Spring Awakening is basically a day of open culture in Dublin 1. It happened on the 16th of April and I'm glad I had the opportunity to step inside some of Dublin's best kept secrets, celebrating this city's heritage and sense of culture. There were so many activities to experience: tango lessons (which I didn't attend because there was no free Argentinean food included), workshops, gigs, guided tours, Georgian architecture porn, all things James Joyce... Obviously, I couldn't have done everything (or maybe I could if I woke up earlier...) but I did the best to enjoy what this postcode has to offer.
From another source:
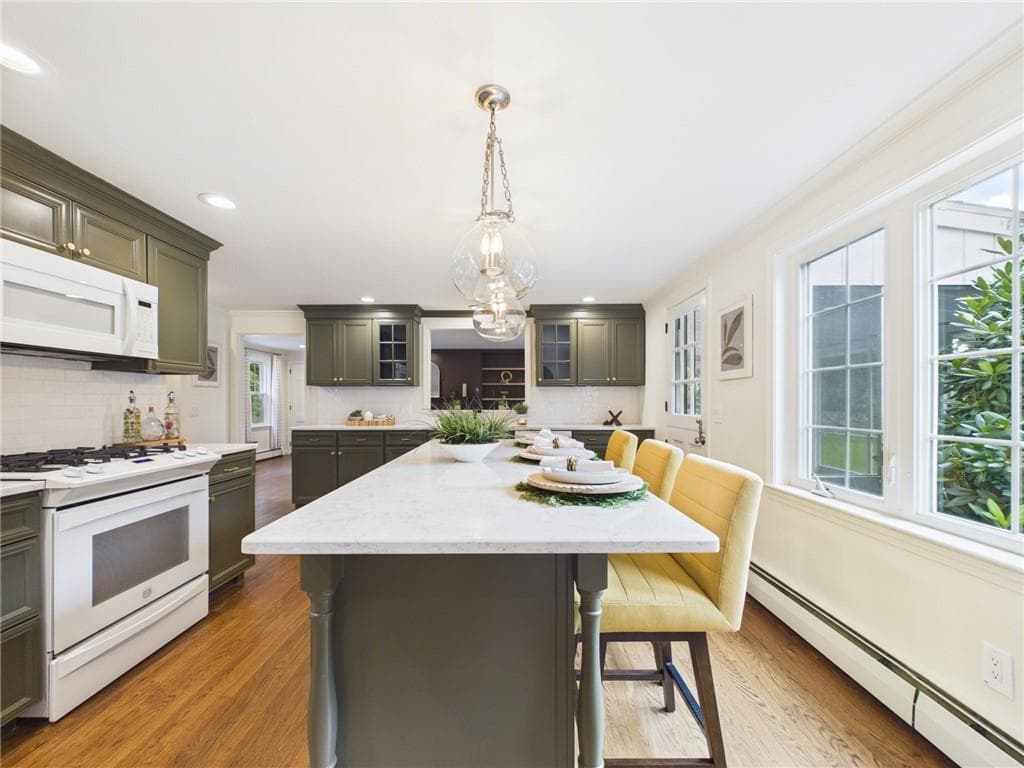 Single Family Residence at 12 Tall Pine Drive, East Greenwich, photo 19 of 48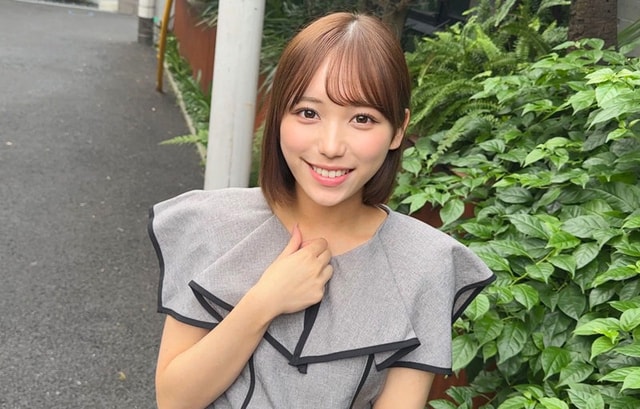 SMJP-071 胸元触りながら小悪魔スマイル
The first place I went to was The Hugh Lane Gallery. A free guided tour took me to a temporary litography exhibition, made me marvel at a plethora of Impressionist wonders, introduced me to a few modern art iconic pieces on display... What struck me the most, however, was Francis Bacon's Studio. So messy and inspiring! I love Bacon's work - his emotionally charged, raw, disturbingly bold paintings always made me wonder what's the story behind them. Maybe it's just instinct. Or intimacy. Either way, I can relate to such imagery. Next stop: Belvedere House.
Belvedere House didn't let me down. In fact, I was astonished at this magnificent Georgian masterpiece where James Joyce himself studied between 1893 and 1898. I'm a sucker for beautiful interiors and I've always wanted to visit this impressive house and its jaw-dropping interiors but usually it's closed to the public. As you can imagine, I couldn't possibly miss this open day to view a house that I would certainly (try to) buy if I won the Euromillions. Great Denmark Street, you harbour a fucking treasure!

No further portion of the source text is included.